Segment Start: RECORD EXTRACTS

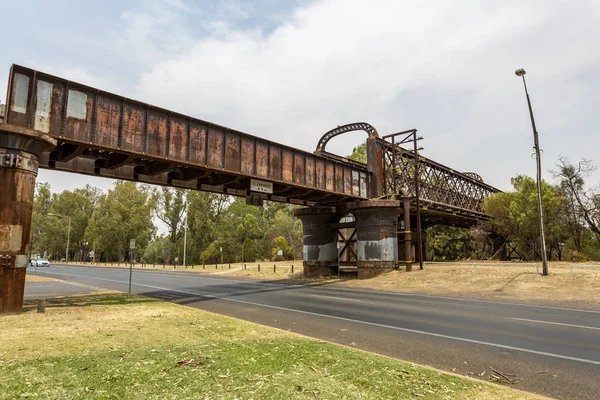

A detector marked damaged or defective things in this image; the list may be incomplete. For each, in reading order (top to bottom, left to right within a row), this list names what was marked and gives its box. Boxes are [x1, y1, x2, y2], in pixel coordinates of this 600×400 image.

rusty support column [0, 123, 55, 314]
rusted metal surface [0, 123, 55, 314]
rusted metal surface [4, 65, 370, 206]
rusty railway bridge [0, 65, 500, 314]
rusty support column [294, 208, 340, 276]
rusty support column [352, 200, 398, 278]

Segment End: RECORD EXTRACTS

■ EXERCISE INSTRUCTIONS:
Leaving out any images, restate every record word for word.

■ EXPECTED ANSWER:
A detector marked damaged or defective things in this image; the list may be incomplete. For each, in reading order (top to bottom, left to right within a row), this list names what was marked and gives its box. Boxes are [x1, y1, x2, y2], in pixel coordinates of this 600×400 image.

rusty support column [0, 123, 55, 314]
rusted metal surface [0, 123, 55, 314]
rusted metal surface [4, 65, 370, 206]
rusty railway bridge [0, 65, 500, 314]
rusty support column [294, 208, 340, 276]
rusty support column [352, 200, 398, 278]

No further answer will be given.